### Problem description
Select all lines in the records that include "Shirt".

(Source data)
=== Section Start ===

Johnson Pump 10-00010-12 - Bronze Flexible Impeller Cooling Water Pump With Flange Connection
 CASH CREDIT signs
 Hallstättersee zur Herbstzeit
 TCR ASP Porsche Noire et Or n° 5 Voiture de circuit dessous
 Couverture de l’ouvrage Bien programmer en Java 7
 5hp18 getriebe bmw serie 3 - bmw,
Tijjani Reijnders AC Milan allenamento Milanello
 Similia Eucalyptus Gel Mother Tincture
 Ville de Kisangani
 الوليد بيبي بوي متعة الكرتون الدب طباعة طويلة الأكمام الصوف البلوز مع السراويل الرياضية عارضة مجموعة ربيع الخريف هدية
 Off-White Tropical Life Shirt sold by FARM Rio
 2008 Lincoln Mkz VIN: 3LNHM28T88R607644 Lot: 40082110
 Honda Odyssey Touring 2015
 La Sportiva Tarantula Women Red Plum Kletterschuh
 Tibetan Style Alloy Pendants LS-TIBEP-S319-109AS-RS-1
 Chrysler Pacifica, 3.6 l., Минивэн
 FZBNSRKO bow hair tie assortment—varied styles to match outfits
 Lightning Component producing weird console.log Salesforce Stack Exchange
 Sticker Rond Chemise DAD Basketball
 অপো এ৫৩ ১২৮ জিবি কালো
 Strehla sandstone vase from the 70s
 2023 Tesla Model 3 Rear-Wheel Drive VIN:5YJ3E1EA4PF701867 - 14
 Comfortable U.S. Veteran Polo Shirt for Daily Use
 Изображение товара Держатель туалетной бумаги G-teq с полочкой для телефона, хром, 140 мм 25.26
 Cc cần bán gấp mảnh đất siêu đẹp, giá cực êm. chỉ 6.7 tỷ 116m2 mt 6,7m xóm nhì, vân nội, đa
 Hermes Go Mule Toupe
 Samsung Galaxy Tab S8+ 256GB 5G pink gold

=== Section End ===

### Response below
 Off-White Tropical Life Shirt sold by FARM Rio
 Comfortable U.S. Veteran Polo Shirt for Daily Use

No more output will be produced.